Authors: The Princess Goes West
Yet some foolish, feminine part of her still wanted the hard-faced Ranger to be attentive. To really notice her. To be aware of her as a woman. To be physically attracted to her.
To desperately desire her, so that she could turn him down cold!
If
she could turn him down.
The princess stole a brief look at the Ranger. Her heart began to race when from out of nowhere came the thrilling thought that this tall, imperial-looking Texas Ranger with his aggravating, cocksure manner and forceful masculinity would make an excellent sovereign! He could rule a kingdom and its subjects with the same ease and nonchalance with which he had conquered these wild, god-awful deserts into which they were now riding. And, imagine the offspring he would sire.

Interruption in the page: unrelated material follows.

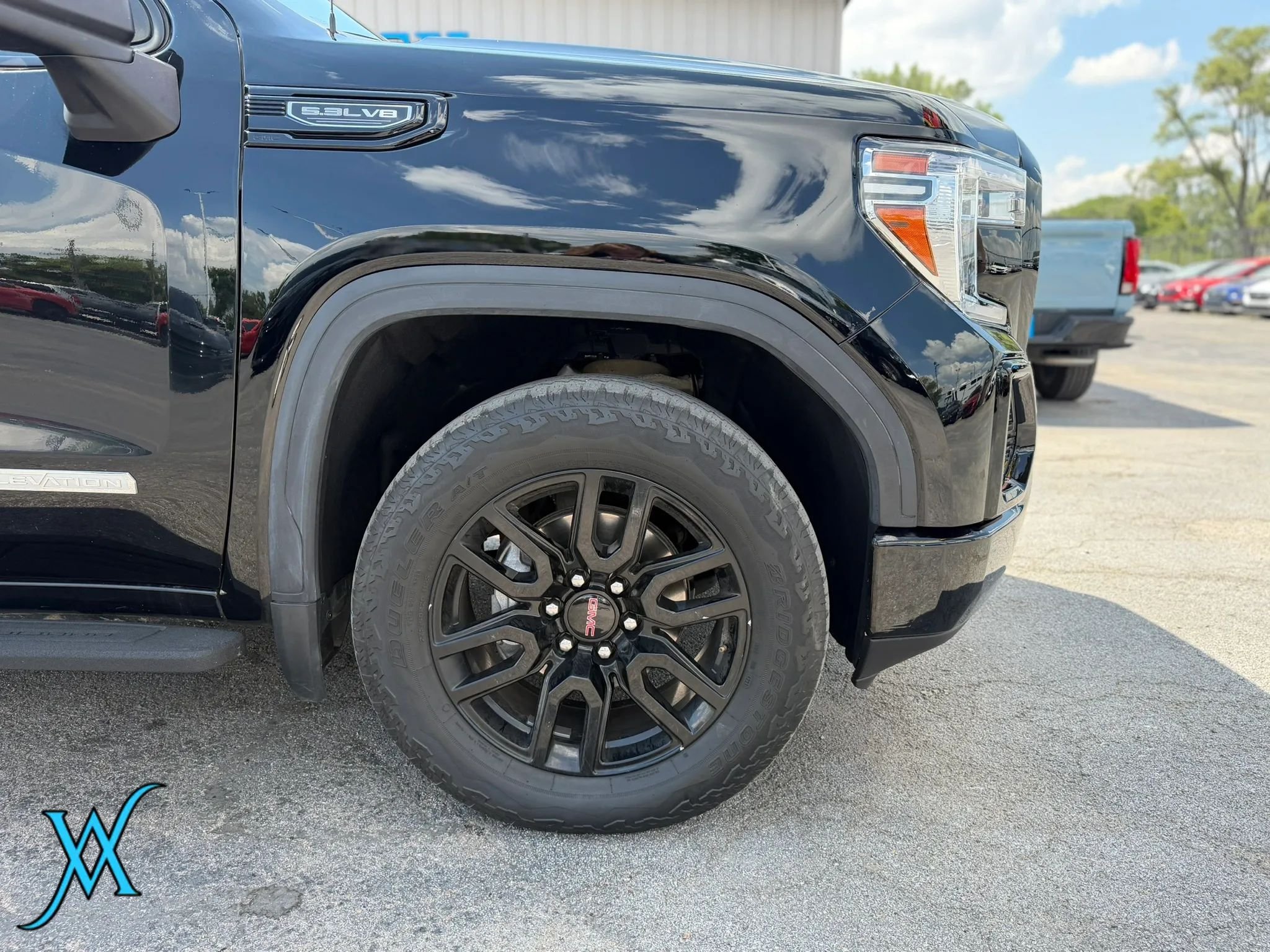 Used 2022 GMC Sierra 1500 Elevation w/ Preferred Package AWD/4WD image 9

Princess Marlena’s face reddened at the guilty thought, and she was suddenly genuinely afraid. Afraid of this big, cold-eyed, black-haired, devilishly handsome Texan. Afraid of his rugged masculinity. Afraid of his unique ability to easily conquer her. Afraid as she had never been afraid of any man.
Afraid because she was absolutely fascinated by him. He was an exciting, mysterious man, and try as she might, she could not seem to forget how she had felt that first night when he took her in his arms and kissed her before she could stop him. Inwardly she shivered, knowing that if tonight he were to take her in his arms and kiss her, she wouldn’t—couldn’t—stop him.
That sobering knowledge convinced her she could wait no longer.
She
had
to escape today.
22
On a low, sunbaked mesa
, in the Tularosa valley’s wide corridor, an Apache warrior sat unmoving on his dancing, snorting mustang. Directly behind him, a dozen mounted Apache braves were silent. Totally silent.
None dared speak. None dared ride up alongside the young, sulking chief. Their volatile leader was in a black mood, had been in a black mood for weeks. Each long hot day that passed without a drop of rain made him grow more gloomy, more menacing.
The chief prided himself on his ability to make rain. He bragged how he had only to lift his arms to the skies and call for the rain to fall. A great downpour would follow. It always had.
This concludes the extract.